→ **PROBLEM DESCRIPTION**
Start with the line that holds "Vintage Wood Panel". Please copy it and each remaining line below exactly, leaving pictures out.

→ **DATA EXCERPT**
..........

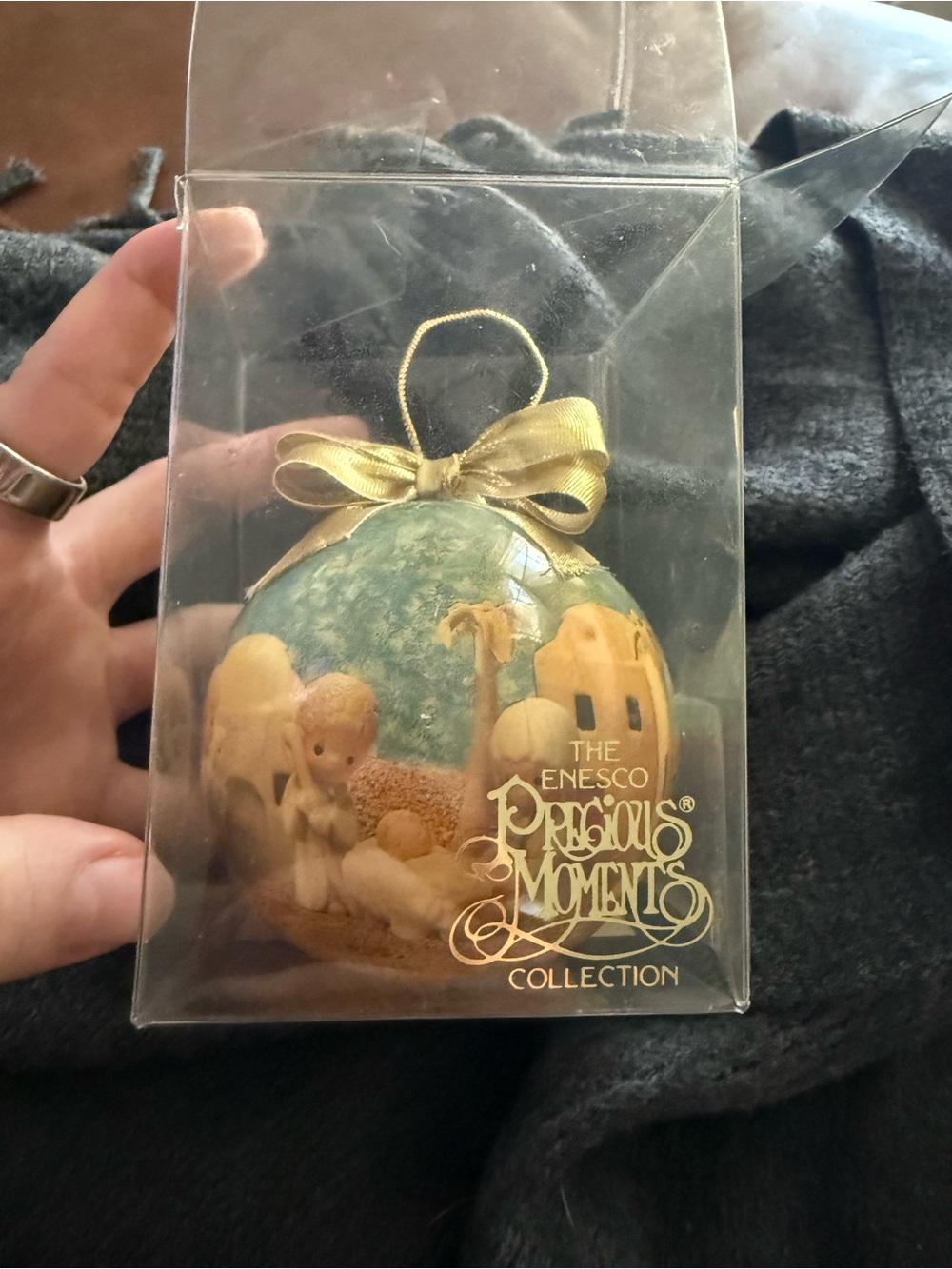 Precious Moments Gold & Teal Holiday Ornament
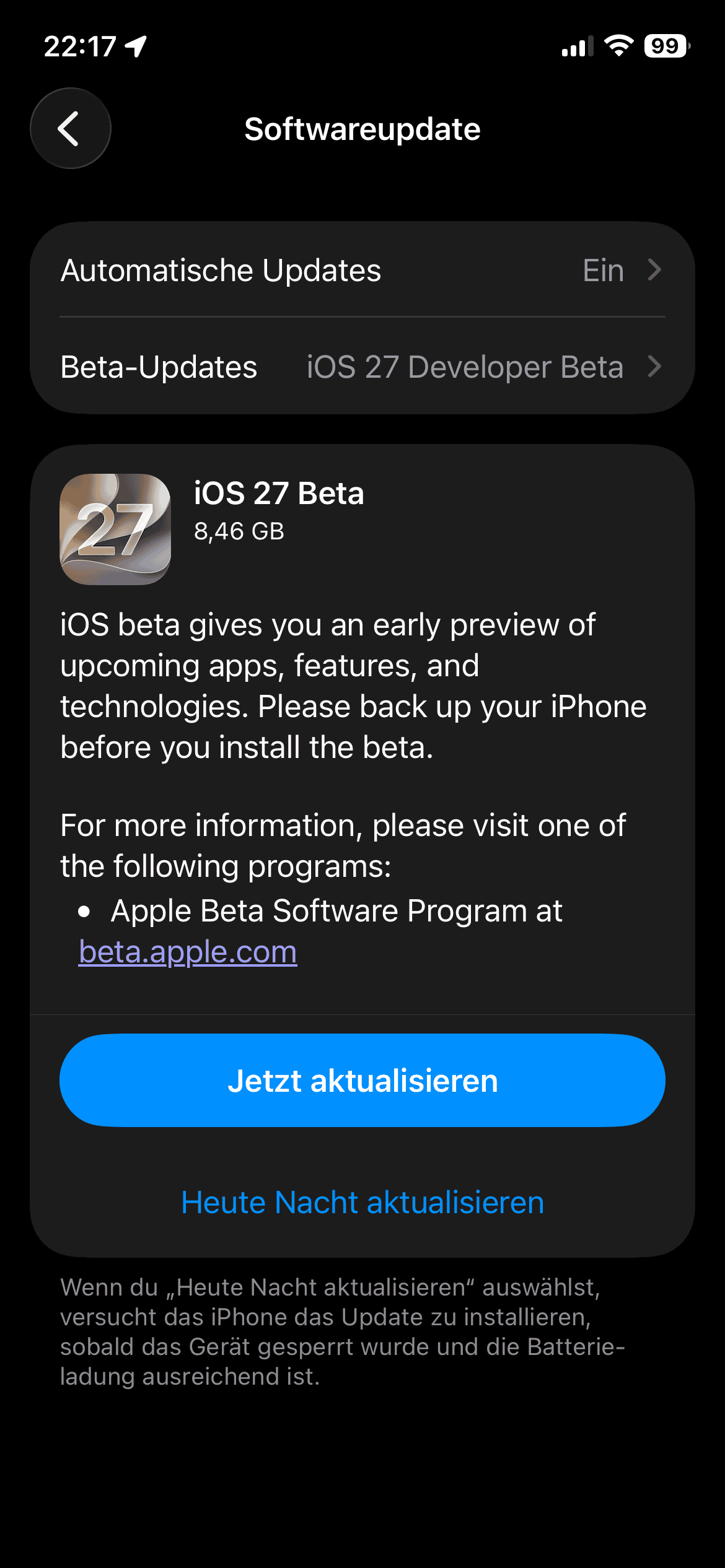 Installscreen von iOS 27 Beta 1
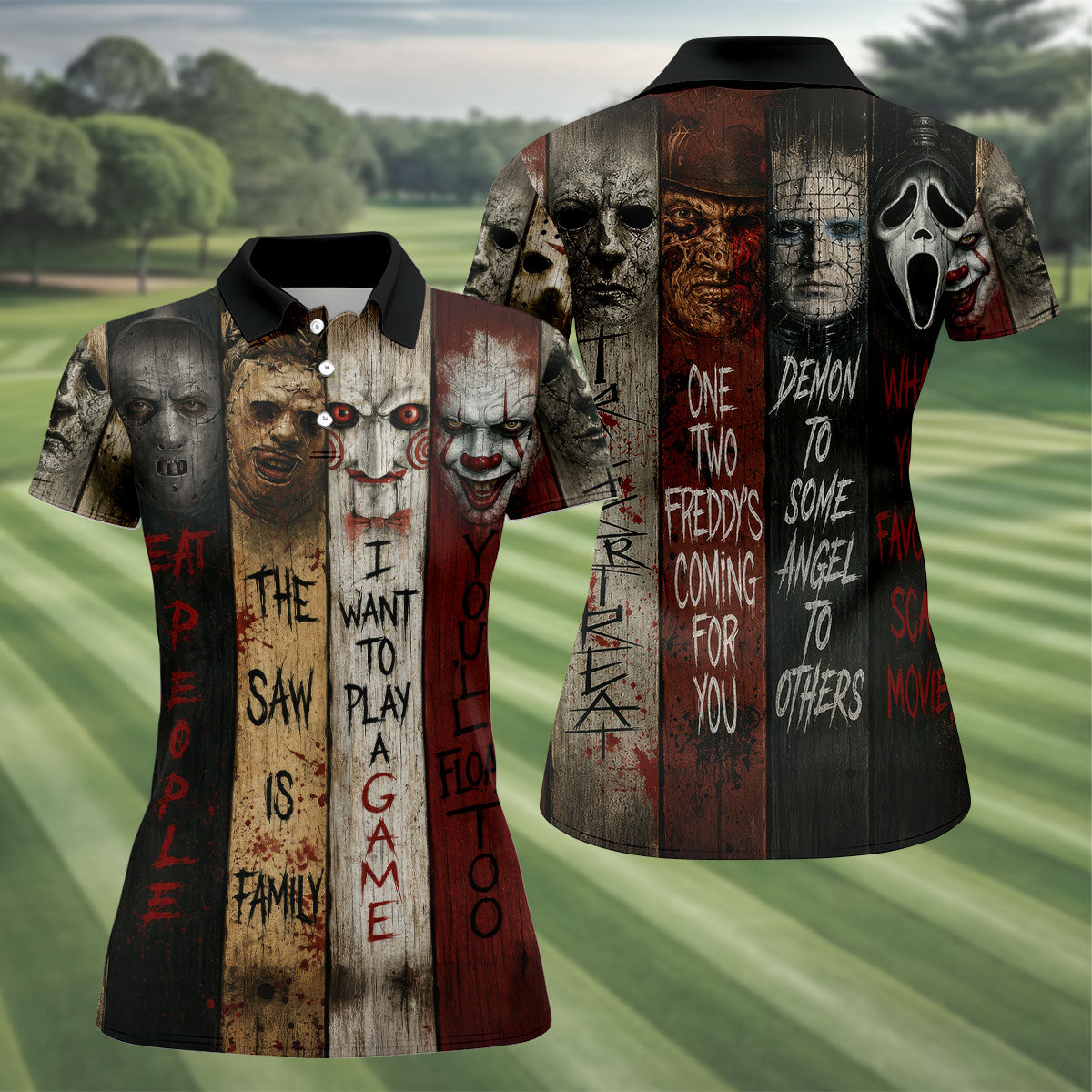 Vintage Wood Panel Horror Character Halloween Golf Shirt, Women's Golf Apparel, Printed Golf Shirt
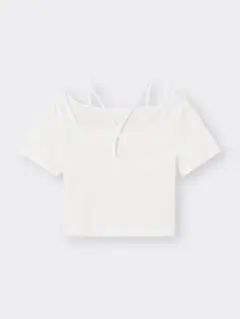 新品タグ付き GU ネックストラップT 半袖 ホワイト XL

..........

→ **COMPLETED EXERCISE**
 Vintage Wood Panel Horror Character Halloween Golf Shirt, Women's Golf Apparel, Printed Golf Shirt
 新品タグ付き GU ネックストラップT 半袖 ホワイト XL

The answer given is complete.